## Excerpted records
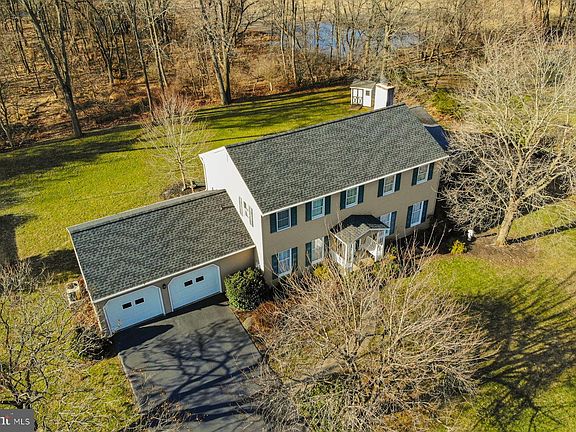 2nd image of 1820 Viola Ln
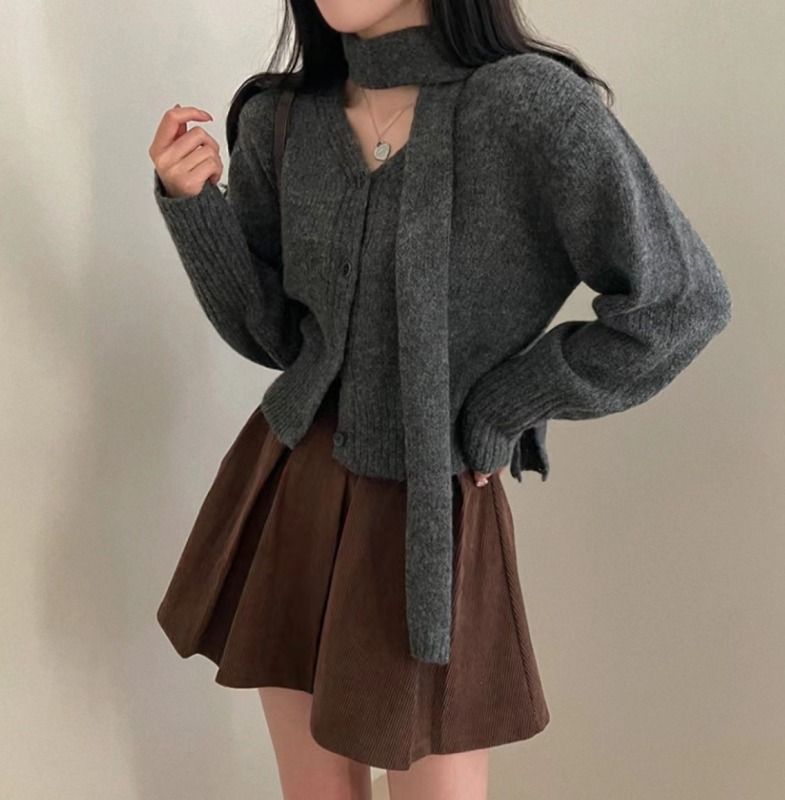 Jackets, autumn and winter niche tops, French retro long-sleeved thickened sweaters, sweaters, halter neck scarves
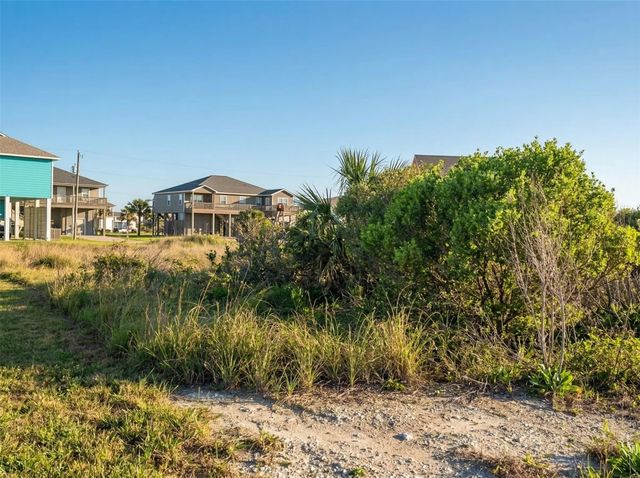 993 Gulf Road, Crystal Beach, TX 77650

==

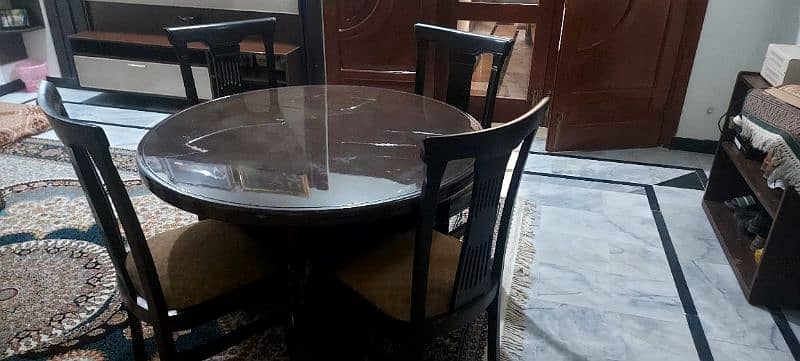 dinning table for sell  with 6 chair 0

## Brief
From the records above, copy only the lines running from the line containing "Jackets, autumn and" to the line containing "993 Gulf Road, Crystal Beach, TX 77650", both ends included. Leave the pictures out.

## Written response
 Jackets, autumn and winter niche tops, French retro long-sleeved thickened sweaters, sweaters, halter neck scarves
 993 Gulf Road, Crystal Beach, TX 77650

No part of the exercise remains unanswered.